Jak tu nie prognozować upadku Putina, skoro on pozbywa się swoich najlepszych ludzi? Właśnie wyrzucił naczelnika Federalnej Służby Więziennej Aleksandra Kałasznikowa. Nie za sławne nazwisko, tylko za tortury i gwałty. Bo wyszły na jaw, a nie powinny były. W Saratowie, w Irkucku gwałcili więźniów “siłowiki” niższej rangi, systematycznie. Ranga wyższa to kryła, systemowo. Aż ktoś zdradził system. Możliwe, że w strukturach penitencjarnych awansuje teraz naczelnik więzienia w Pskowie, gdzie siedzi Aleksiej Nawalny. Ten zakład torturuje bowiem i dręczy subtelniej. Nie kijem od szczotki, nie pięścią ani prądem tylko przemocą psychologiczną. Skazańcy są na przykład zmuszani do oglądania kilka razy w ciągu dnia telewizji z kremlowskim przekazem, który jest projekcją lęków i idei półoszalałego cara – jak mówi o swoim prześladowcy jego najważniejszy więzień. Tortura wojennoojczyźnianą mantrą przypomina przymusowe karmienie przez rurę: to nie jest zabieg relaksacyjny.

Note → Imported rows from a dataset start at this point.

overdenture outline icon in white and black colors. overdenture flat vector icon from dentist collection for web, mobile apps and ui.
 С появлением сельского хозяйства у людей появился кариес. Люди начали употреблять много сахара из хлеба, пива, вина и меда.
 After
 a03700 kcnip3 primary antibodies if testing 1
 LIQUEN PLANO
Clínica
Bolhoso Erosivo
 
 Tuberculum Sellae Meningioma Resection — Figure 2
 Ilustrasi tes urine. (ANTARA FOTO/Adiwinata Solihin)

Jak stawiać na merytokrację – pokazuje międzynarodówka policyjna. Nowym szefem Interpolu został generalny inspektor w MSW Zjednoczonych Emiratów Arabskich, Ahmed Naser Al-Raisi. Zapowiada, że chce modernizować tę organizację “bazując na doświadczeniu szefa policji emirackiej opartej na technologii”. Sądząc z oskarżeń, jakie pod jego adresem płynęły z Wielkiej Brytanii, Francji czy Turcji, doświadczenie Al-Raisiego było budowane na wykorzystaniu technologii do torturowania więźniów. Na jego zastępców powołano policjantów z Brazylii i Nigergii. Oba te kraje Amnesty International regularnie umieszcza na liście państw, w których praktykuje się tortury. Z tym, że to akurat niewiele znaczy. Spośród ok. 160 państw, które ratyfikowały konwencję o zakazie tortur (oraz okrutnego, poniżającego traktowania i karania) na listę AI trafia co roku 80 proc. sygnatariuszy.

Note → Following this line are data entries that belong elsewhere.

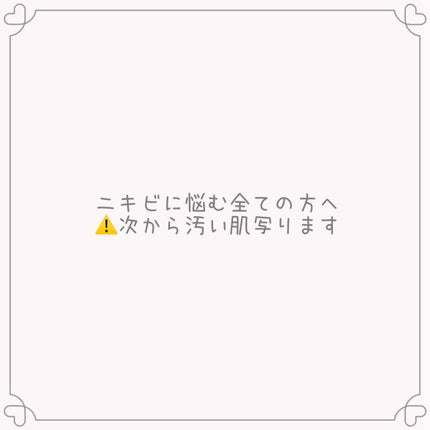 潤浸保湿 フェイスクリーム/キュレル/フェイスクリームを使ったクチコミ(1枚目)
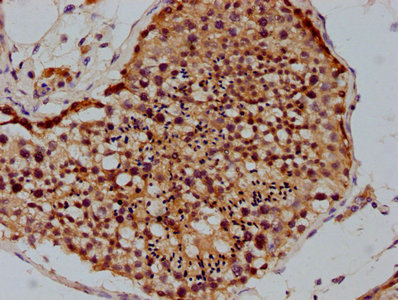 PSMD4 Antibody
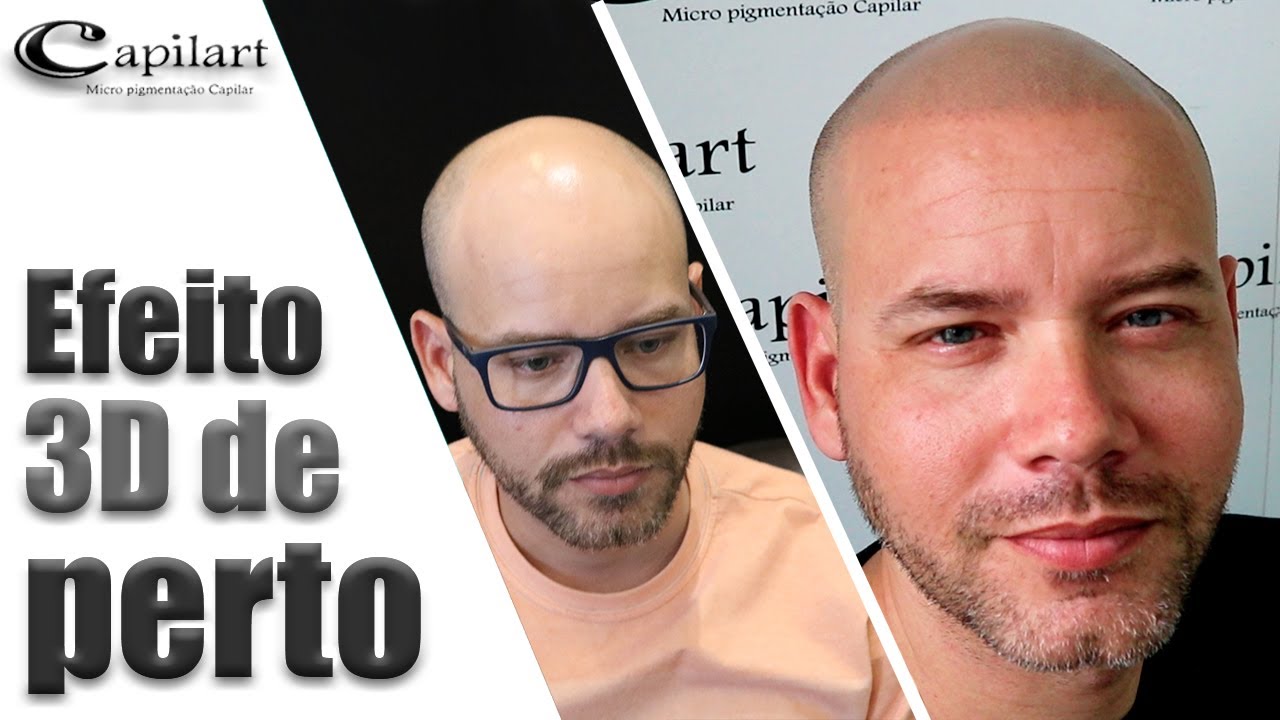 ZOOM NO EFEITO 3D Micropigmentação capilar | Capilart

Zakres stosowania tortur jest w tych krajach oczywiście różny, tak jak różne są ich metody. W Meksyku waterboarding wykonuje się wlewając do nosa wodę gazowaną. Filipińscy policjanci zawieszają związanego aresztanta głową w dół “na nietoperza”. Ich koledzy z Maroka preferują zawieszenie poziome, pod wygięte łokcie i kolana, “na pieczoną kurę”. Nie ma jednej miary fizycznego bólu ani cierpień psychicznych. Wśród poddawanych torturom obrońcy praw człowieka wymieniają katorżników z północnokoreańskich obozów pracy, białoruskich opozycjonistów wtrącanych do więzień, ale również Juliena Assange’a.

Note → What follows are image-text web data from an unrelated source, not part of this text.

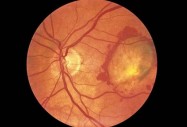 Офталмолозите вече могат да предскажат с точност риска от ослепяване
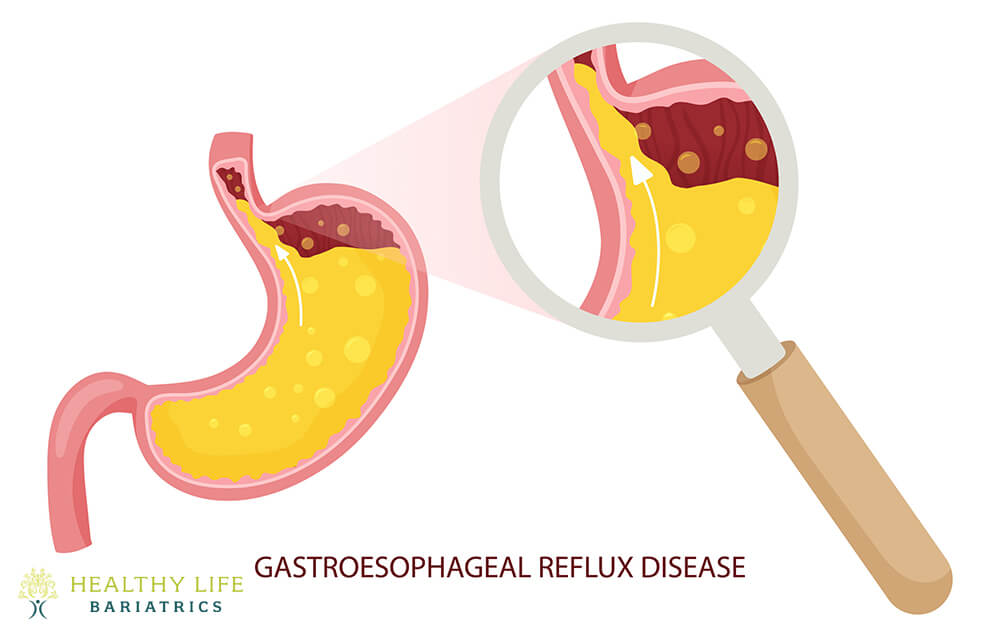 GERD Surgery in Los Angeles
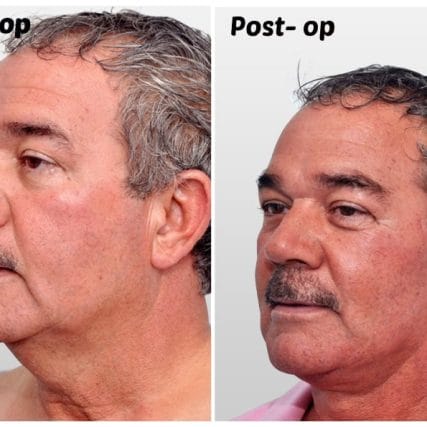 face-lift-rhytidectomy-miami-carlos-spera-11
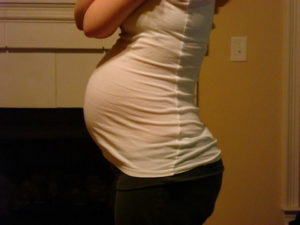 Беременность 20 недель двойней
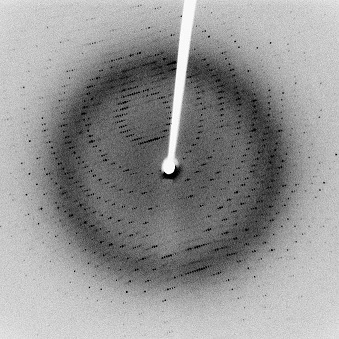 Xray diffraction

No i są jeszcze ujęci terroryści – autentyczni lub domniemani – nie tylko z obozu Guantanamo. Wobec nich też powinien obowiązywać zakaz z ONZowskiej konwencji. Że obowiązuje, nieraz w amerykańskich filmach przypomina uczciwy prawnik albo inny dobry oficer. Na jego rozterkach się kończy, bo wyższa konieczność zmusza – lub stwarza pretekst – do okrucieństwa. Potrzeba (okazja?) czyni oprawcę. Chociaż niektórzy mają zapewne stałą licencję na torturowanie. Kiedy ze złoczyńcy trzeba wydobyć informacje, od których może zależeć ocalenie setek, albo i tysięcy ludzi, prawo razem z humanitaryzmem stają się szkodliwą fanaberią.
W etycznym “dylemacie wagonika” idzie w gruncie rzeczy o podobny wybór mniejszego zła: o ratowanie życia kilku ludzi za cenę jego odebrania jednemu człowiekowi, zwłaszcza gdy wiadomo, że to on wywołał cały dramat. Ogromna większość uczestników teoretycznego eksperymentu przestawia zwrotnicę i kieruje wagonik na tego jednego człowieka. Również tutaj bycie większością oznacza na pewno tyle, że ma się przewagę liczebną. Ale już niekoniecznie to, że ma się również rację.